Monitoring and Alerting - Pragmatic Software Engineering

As a developer I hate the thought of being interrupted to deal with some messy problem on a production system. That goes even doubly so out-of-hours. However, as a member of a team which supports the services which it runs I find that I have to be in a position to support the service I develop. What follows are some of the lessons which I’ve learnt about monitoring and alerting from supporting a production system.

Monitor The Things You Care About Directly

There’s a very easy trap to fall into of relying purely on out-of-the-box monitoring to understand whether your application is misbehaving or not. Unfortunately, this leads to proxy metrics and, as a result, noisy alerts.

Example – most web applications will have some logs around access at the HTTP layer, almost for free. That could be coming from a proxy (NGINX, Apache) or from the application framework itself (e.g. Dropwizard or Spring Boot). Typically these log lines give you a relatively standard amount of information – request URI, caller IP, response code, latency etc and you can usually find them formatted in a ‘standard-ish’ format that’s almost trivially easy for log aggregators (Splunk, Elasticsearch) to consume. It’s *very* easy to create an alert based on these logs. Response code is typically a good one – where people create alerts for any 5xx responses, or 4xx responses, or some ratio over some given time. Sometimes, though, that’s just not a good measure of an application’s behaviour. I have a ReST API, for example, which uses 409 to indicate a normal condition which I expect clients to be able to handle. I use 504 to indicate back-pressure scenarios. And so on.

Now, it’s possible to add logic to my alerts to filter out those specific response codes but it’s the start of a slippery slope towards unmaintainably complex alerts. The real problem is that the HTTP response code is a proxy variable which is being used to understand multiple complex aspects of application health. Do I really care if my application response with 500? The answer is actually that it depends. Sometimes I do and sometimes I don’t. What does an individual ‘Internal Server Error’ mean in terms of a given web application? There’s a number of different possibilities – it could be a transient, unexplainable condition (e.g. a connection failure to a dependency) bubbling up as an odd behaviour in your application, it could indicate an ongoing problem within the application.

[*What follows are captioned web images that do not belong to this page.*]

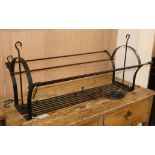 A black painted wrought iron pan rack, L.90cm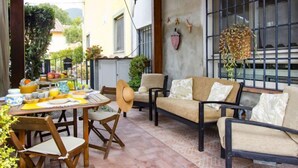 Une terrasse extérieure avec une table ronde en bois, des chaises et un canapé. On y trouve également des plantes en pot et une lanterne suspendue.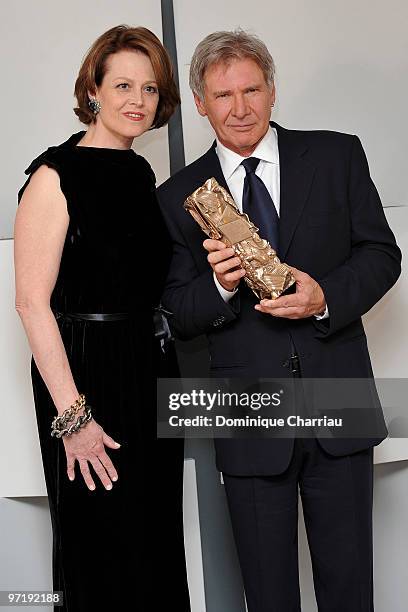 Actor Harrison Ford poses with Sigourney Weaver after he received Honour Cesar Award during 35th Cesar Film Awards at Theatre du Chatelet on February...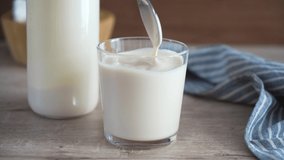Homemade fermented milk. Traditional healthy drink ryazhenka or homemade yogurt Video 4k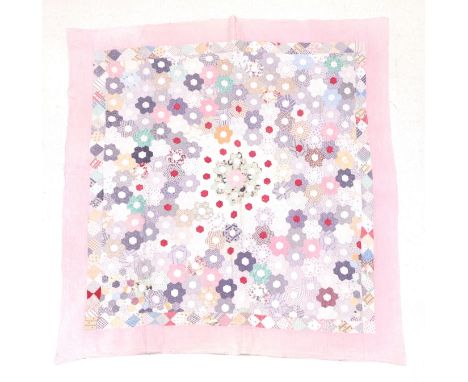 Late 19th Century Country Patchwork Quilt, with hexagonal coloured cotton flower head patches to the front, within a border o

What’s a better solution? Well, explicitly logging each of those situations in your application and targeting alerting to those log events. So, if the service starts failing because of a connection issue to a dependency you’ll know

that that’s what it is
which dependency is at fault
how many requests were affected by *that* issue

So when you get an alert based on the issue you’ll have much more information to go on.

In short, just because we *can* measure something doesn’t mean that we *should* find a reason to alert on it. It’s much preferable to reason about the failure modes of your application and then find ways to alert on it – possibly driven via metrics or logging points explicitly added to the application for that purpose.

Make Alerts Actionable

Every alert, particularly ones which trigger out-of-hours, should indicate what the problem is and, as a result, what the operator should be doing about it. Alerts which don’t have a clear action associated with them will be responded to differently by different people. Some people will do the minimal amount necessary to allow them to ignore the alert, possibly risking missing a genuine issue. Some will spend hours getting to the root cause of the alert, and then making a change which may be unnecessary on the basis that something must be done.

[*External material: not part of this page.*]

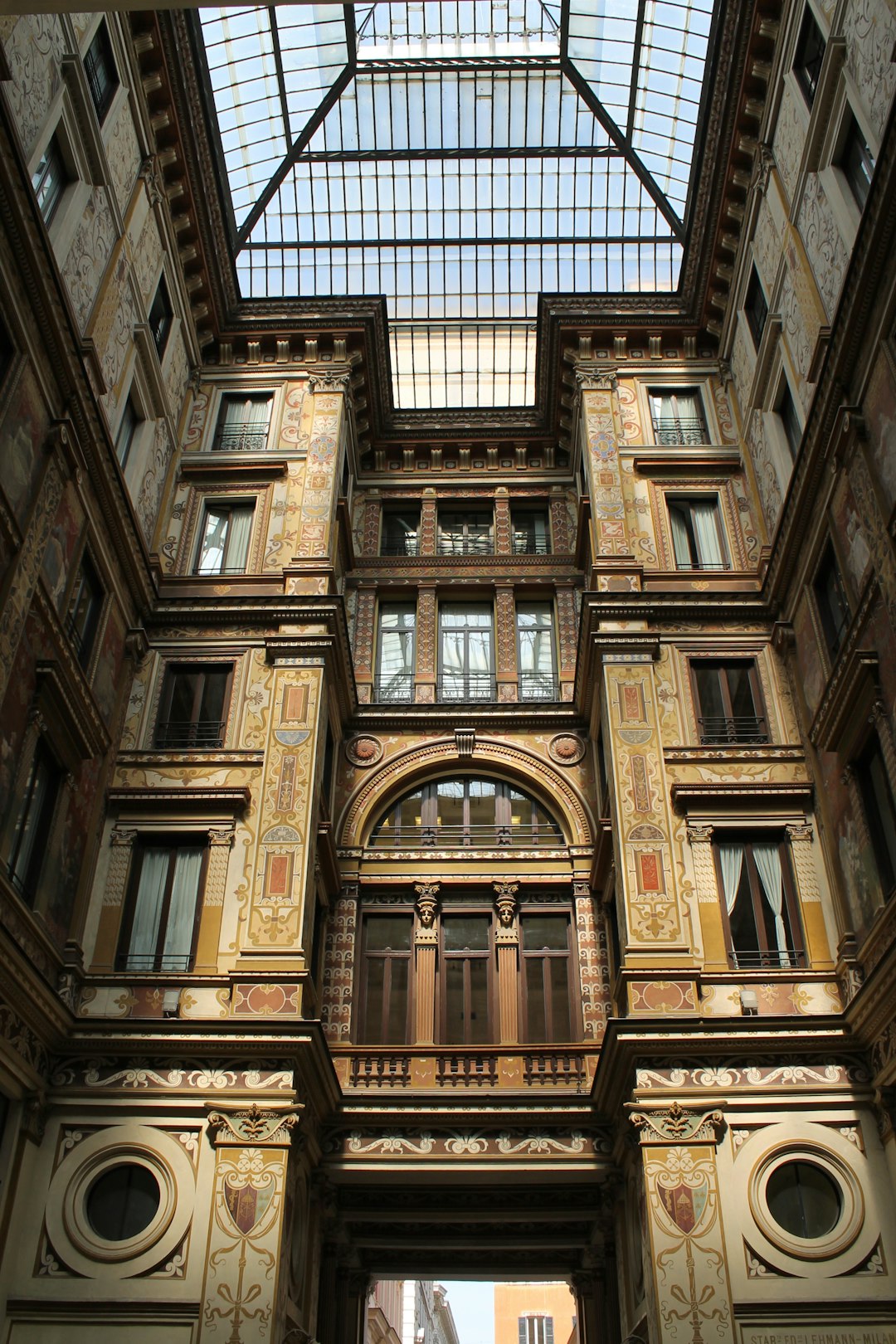 The photograph shows the inside of an old building in Italy with ornate details and a glass roof above, showing its tall ceilings and large windows. The architecture is elegant and intricate, with decorative elements such as stucco work on walls and columns, and painted designs that add to its visual appeal. In front there is another open space where you can see other buildings or street scenes through the window. It seems like part of a busy city center. The photograph appears to be in the style of a Renaissance artist, capturing ornate architectural details with natural light. –ar 85:128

An interesting exercise can be to go through your alerts and ask what the action is for each one. If the answer is ‘investigate why this is happening’ then you’re probably missing some lower level alert based on a metric which actually identifies the problem. Where there’s some ambiguity about whether an alert actually always identifies a problem then the alert itself should be considered noisy and be replaced *in favour* of the lower level alerts which directly identify real problems.

Automate Recovery

For a highly available service, one with availability requirements measured in numbers of ‘9’s (e.g. 99.99%), if manual intervention is needed to recover then the service cannot meet its SLA. Human intervention is untimely and failure-prone – we *can’t* allow it as a normal part of our service lifestyle.

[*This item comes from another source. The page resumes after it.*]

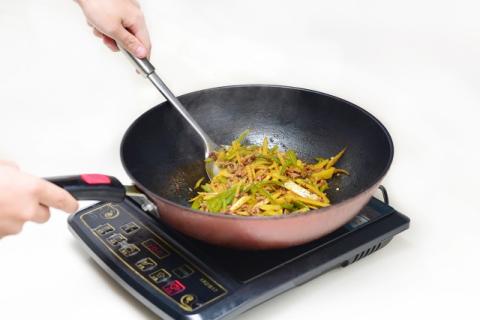 A color photo of food being stir-fried in a wok.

So, in monitoring and alerting terms, it’s just not good enough to detect failure and call for help. The system *must* be able to deal with some of the more predictable failure modes – node failure, data centre failure, network failure. There are plenty of tools to help with this – autoscaling groups in AWS, replicasets in K8s, healthchecks, circuit-breakers, statelessness, redundant physical network connections and scaling across multiple geographic locations.

Monitor Recovery Actions

If you’ve automated recovery though, it’s important to be aware that some recovery actions are (or were) preventable so you *should* track them. OOM conditions, null pointer exceptions, resource leakages and more can result in an automated recovery action as a result of a problem within the application so they should generally be investigated but not in the critical path of the application.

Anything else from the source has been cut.